Before I turn it over to Jim to address the specifics of shale gas, I'd like to just say a couple of things about Talisman's global footprint and our commitment to corporate social responsibility. Talisman Energy is a Canadian company headquartered in Calgary, with exploration activities in North America, Latin America, Asia, the Middle East, and Europe. We take great pride in being a Canadian company operating on the global stage.
Talisman is committed to the highest levels of corporate, ethical, and social responsibility. We have been recognized as a national and global leader in the area of corporate social responsibility. I personally was very proud to serve on the national advisory group during the Government of Canada round tables on corporate social responsibility a couple of years ago.
Talisman is a developer of oil and gas around the world, but I note that we are not involved in the oil sands projects. In fact, over the past few years, Talisman has made a strategic decision to focus its North American business on natural gas.
I'm now going to turn it over to Jim Fraser to speak specifically to our shale operations in Canada. Thank you.
Once again, it's my pleasure to be here as well.
I would refer you to the global map on the second page of your handout. As we've mentioned before, Talisman is a worldwide independent oil and gas producer. We have operations in the North Sea, Southeast Asia, and North America.

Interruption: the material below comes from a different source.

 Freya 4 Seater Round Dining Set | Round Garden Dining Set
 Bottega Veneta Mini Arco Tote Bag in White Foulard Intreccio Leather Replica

That's where the focus of the rest of my prepared comments will be, on our North America portfolio.
In the last several years, we have transitioned from a conventional gas and oil player to a predominantly shale gas player due to its significant long-term growth potential and low-cost structure. We have four shale plays in North America, each at different stages in their evolution. I'll talk about those specifically in a moment.
The fourth part of our portfolio is our exploration that handles exploration worldwide.
Referring to the next page, Talisman has approximately 1.8 million net acres of leases of shale gas portfolio in North America that consists of the four plays. Within that acreage position, we have original gas in place of 238 trillion cubic feet of gas. Referring to the pie diagram on the right part of the page, our contingent resource is estimated at 57 trillion cubic feet of gas. To put that in context, Canada consumes about 3.5 tcf, or trillion cubic feet, of gas every year, so this contingent resource from Talisman alone has the potential to fuel the country for 16 years.
As I mentioned earlier, we have four plays. The first and most mature is the Marcellus shale in Pennsylvania. We've grown that resource from basically zero production to over 270 million cubic feet of gas production in the last two years. It is one of the best returning shale plays in North America.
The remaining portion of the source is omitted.